It’s a fairly good idea for Dfinity products, like the proposals in this case, to wholly be on chain. That way, shortcomings and limitations in the capability of the chain to be flagged much earlier by Dfinity engineers working on Dfinity owned products. As opposed to third party devs discovering them while working on their own product and reporting and working with the core Dfinity engineers to alleviate and find solutions to these problems.

The reason is that these Dfinity engineers are more closely situated (both physically and influentially) to the core protocol Dfinity engineers to prioritize these capabilities, especially ones related to scalability and developer experience as they encounter them and help prioritize them on the roadmap.

I believe the term used for this is “dogfooding”. Unless this happens, the internal teams won’t truly appreciate the frustrations that third party developers run into while using and interacting with the IC and its ecosystem of tools and APIs.

The above is meant with the utmost respect and from someone who only wishes for the IC to suceed. :slight_smile:

Thanks for the feedback.

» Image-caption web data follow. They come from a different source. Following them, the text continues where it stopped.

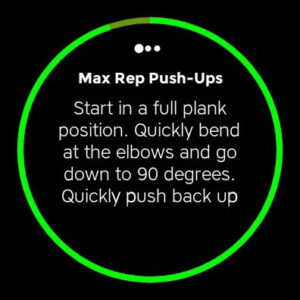 Workout Trainer AI 12.4 screenshot 23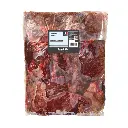 Rate de Boeuf 4 x 3kg
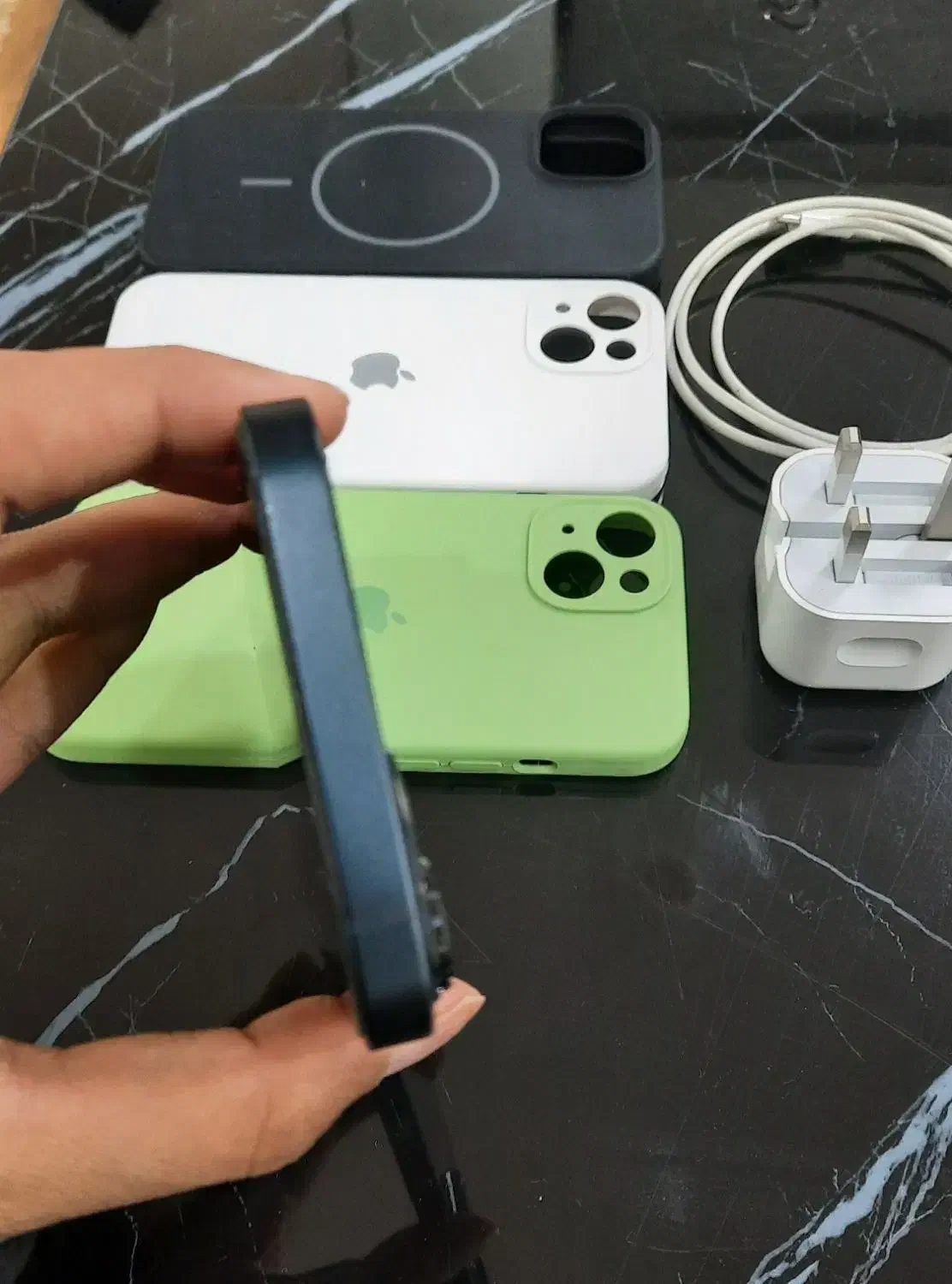 آیفون ۱۳|موبایل|اندیشه, اندیشه فاز ۴|دیوار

Just to make sure I understand: are you suggesting that most things should be on chain because then the DFINITY engineers “dogfood” it more?

I am not sure I fully understand why “dogfooding” and “on-chain” are directly related: we can also “dogfood” use cases that require off-chain interaction or build things on-chain but never use them.

But I overall agree that it is a good idea if we can also try out our product.
I also agree that it can be a good idea to keep information on chain. I would maybe emphasise other reasons for this, such as the possibility to then have a verified history of the proposals on-chain that can be easily accessible.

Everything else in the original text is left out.